With barriers, we try to overcome this by taking small micro-steps to ensure that students overcome this. We offer a chance for students to contact us as tutors throughout the course for smaller sessions to revisit areas which they may struggle. We use bitesize revision and do more activities and print outs to help people digest information into smaller portions. Language barriers can also be hard to overcome however while students are working in dental surgery they gain practical experience which coincides with teaching and students are able to put the practical and theory together with our support in lessons. Our academy has purchased many dental instruments to physically demonstrate nurses as well as all the mixing materials.

How do you recommend students stay motivated?

We encourage students to try and complete their assignments and offer additional support with additional webinars so that learners can complete their studies. We engage with them and do competitions and highlight student of the week to encourage all students to participate and take part while on lockdown. We encourage learners to take part in yoga/relaxation and exercise while on lockdown and keep a balanced schedule to study too.  We have been lucky that all students have been using this time to catch up on their students and complete. We have recently had many students who are finished and now awaiting certificates.

Can social media platforms and closed groups be helpful in reaching out for support?

Social media does help. However, we have to be me mindful not all our student use. We do have our own Instagram and Facebook page where we use this platform for support. For us, we have used Zoom, which has helped us to engage with our learners. 

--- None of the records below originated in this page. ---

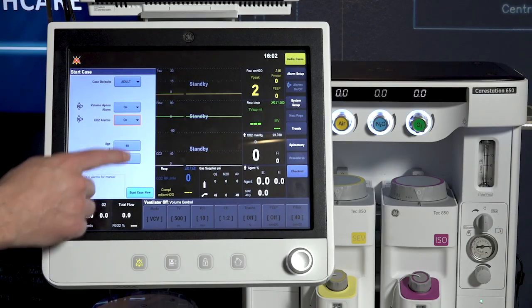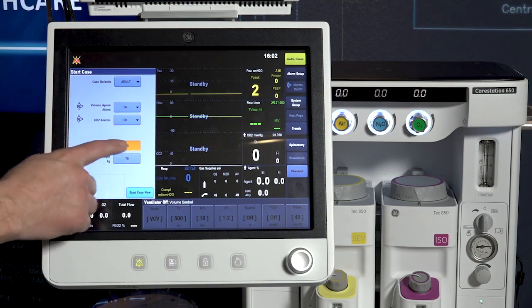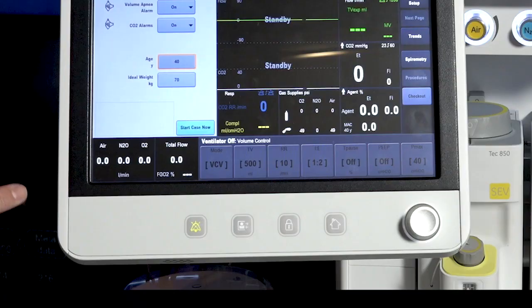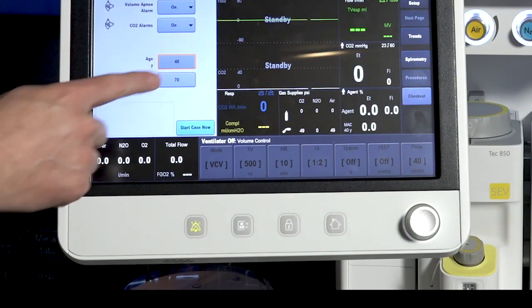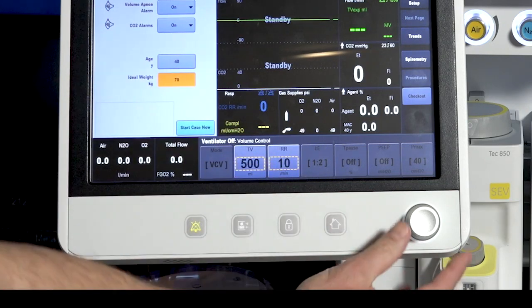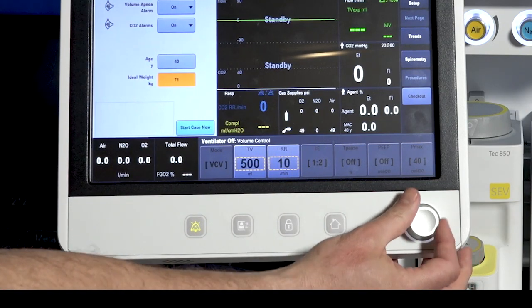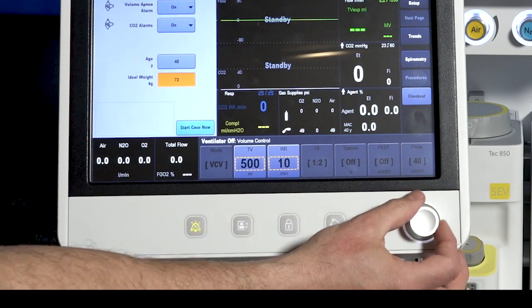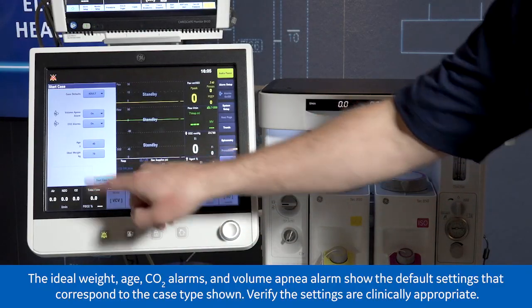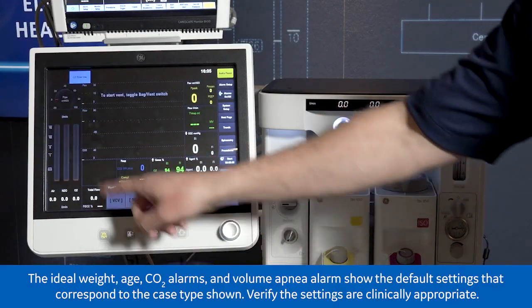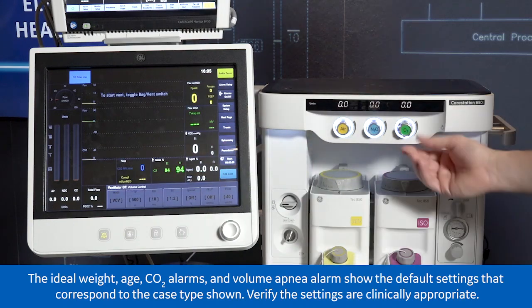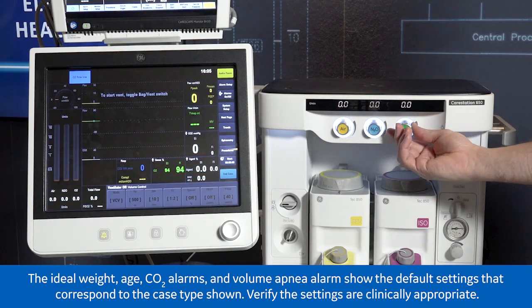To enter your patient's age, select age. To enter your patient's weight, select weight. Select start case now and start the gas flows by adjusting the air and oxygen flow knobs.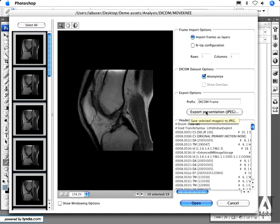You can also export JPEGs directly from this dialog box. If you want individual JPEGs of each of your DICOM frames, you don't need to go any further than this dialog — simply press the button and it will save individual JPEGs to your desktop.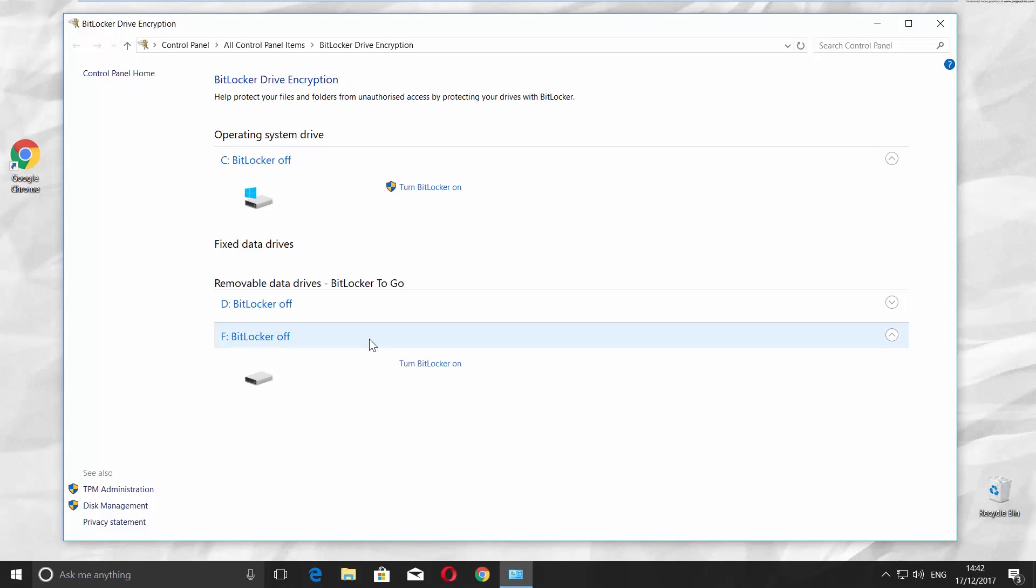Click on your Drive BitLocker off under Removable Data Drivers option. Choose Turn BitLocker on.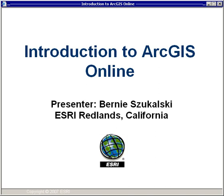Hello, my name is Bernie Zukowski, and I'm with the ArcGIS Online team here in Redlands, California. Today I'd like to welcome you to the seminar titled An Introduction to ArcGIS Online.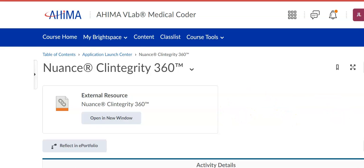Hello everyone, I just wanted to show you really quickly how to use Nuance Clintegrity 360 for coding.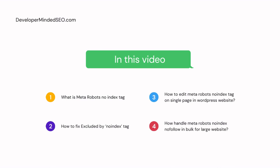We are going to look at some practical sessions on how to handle meta robots noindex tag on bulk amount of URLs in a website or on a single page in your WordPress website.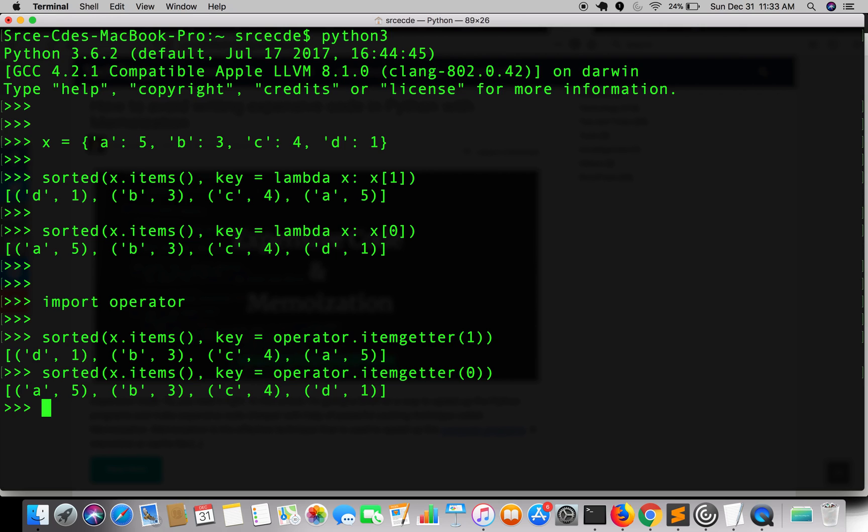So this was a quick Python trick to sort dictionary by key or value. That's it guys, thanks for watching, stay tuned for more.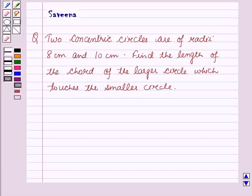Hello and welcome to the session. In this session we will discuss a question which says that two concentric circles are of radii 8 cm and 10 cm. Find the length of the chord of the larger circle which touches the smaller circle.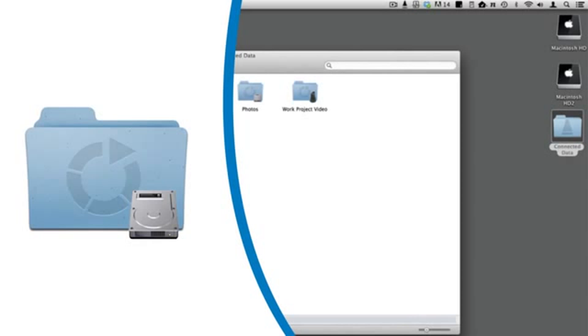In Finder, local folders are indicated with a drive icon in the lower right corner.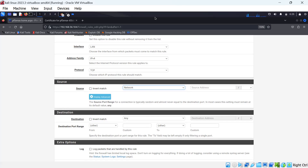Thank you for watching this video. See you in the next video, where we have a Windows machine with MySQL installed. We will try to configure rules to block some ports on the MySQL server. We'll continue in our next video.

How important is it for students that you adapt to the pandemic regarding on-going communication?

I think it’s been fantastic that we adapted very quickly. We were about to go fully online in January but had a few remaining videos for the modules to develop, which is why we didn’t go earlier. But, since the pandemic, it has worked well and helped us complete the course online and design a blended course. Students feel happy we have not cut them off and we are staying in touch with them and still providing a service.

How have the webinars been received?

Students prefer webinars, they feel they can study and stay in touch in the comfort of their home. 

As the crisis improves, will you continue to reach out digitally?

Yes, this has worked well. We do have an office but students prefer webinars. We still visit students in their practice and anyone that needs further support we will spend more time on their visits.

How do you believe dentistry will change once practices return?

For a little while, PPE will be a struggle and limited reduced services will resume. It will take time but.

How will this impact on what and how you teach?

If any new rules and measure are implemented, then we will readjust and add this to our lectures. Luckily, we are still working in practice so will be kept up to date.